CAROL (4 out of 10) Directed by Todd Haynes; Written by Phyllis Nagy (screenplay), Patricia Highsmith (novel); Starring Cate Blanchett, Rooney Mara, Kyle Chandler, Sarah Paulson, Jake Lacy, John Magaro, Cory Michael Smith; Rated R for “a scene of sexuality/nudity and brief language”; Running time 118 minutes; In semi-wide release December 25, 2015.
A beautiful, but ultimately boring, tale of forbidden love set against the backdrop of the social oppression of the 1950’s, “Carol” is the story of Carol Aird (Blanchett) trapped in an unfulfilling marriage with overbearing husband Harge (Kyle Chandler). Despite her love for her daughter, she’s unhappy because, well. . . she likes women. Therese (Rooney Mara) is a young woman, somewhat aimless, who runs into Carol and finds an almost immediate attraction.
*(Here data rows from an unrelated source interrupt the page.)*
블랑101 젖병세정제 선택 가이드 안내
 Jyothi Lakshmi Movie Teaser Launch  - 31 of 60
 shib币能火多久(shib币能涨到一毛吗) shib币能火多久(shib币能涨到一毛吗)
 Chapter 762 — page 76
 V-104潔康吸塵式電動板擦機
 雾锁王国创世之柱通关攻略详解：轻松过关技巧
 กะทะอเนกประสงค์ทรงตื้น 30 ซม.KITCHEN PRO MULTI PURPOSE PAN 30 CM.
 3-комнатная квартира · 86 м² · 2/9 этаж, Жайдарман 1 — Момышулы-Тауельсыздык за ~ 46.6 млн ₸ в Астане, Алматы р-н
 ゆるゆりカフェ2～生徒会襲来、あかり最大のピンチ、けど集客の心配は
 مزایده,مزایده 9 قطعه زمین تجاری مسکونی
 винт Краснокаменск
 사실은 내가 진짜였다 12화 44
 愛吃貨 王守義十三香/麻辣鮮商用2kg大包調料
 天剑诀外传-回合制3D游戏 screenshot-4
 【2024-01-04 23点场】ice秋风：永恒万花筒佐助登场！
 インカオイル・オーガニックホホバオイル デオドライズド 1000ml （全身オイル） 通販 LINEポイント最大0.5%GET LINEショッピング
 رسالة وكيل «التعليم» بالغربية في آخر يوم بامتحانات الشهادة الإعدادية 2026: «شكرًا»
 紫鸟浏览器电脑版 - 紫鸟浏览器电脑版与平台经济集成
The two begin a relationship that borders between amazing friends and unrequited love. And as the film progresses, so does their relationship, despite the oppressive heteronormativity of their times, that even the hint of homosexuality being enough to warrant criminal charges, institutionalization, and general shunning.
The film is beautifully acted, with Mara, Blanchett and Chandler all delivering great performances, but major portions of the film are more plodding and boring than watching paint dry. As much as you feel for their dilemma and love that dare not speak its name, you’re more likely to snooze through some of the less interesting parts. Early in the film is an especially snore-inducing sequence where they go pick out and then decorate a Christmas tree (yes, it’s seasonally appropriate, and I swear to Krampus that anyone I hear make a “Christmas Carol” pun is getting some ex-lax in their hot cocoa).
This is the true tragedy of “Carol”: not the fate of our characters, but that their movie is not as gripping as it ought to be. This film should be exciting, including an especially sensuous and charged scene between Blanchett and Mara that is beautiful but not tawdry, but most of it is just emotional handwringing and padding.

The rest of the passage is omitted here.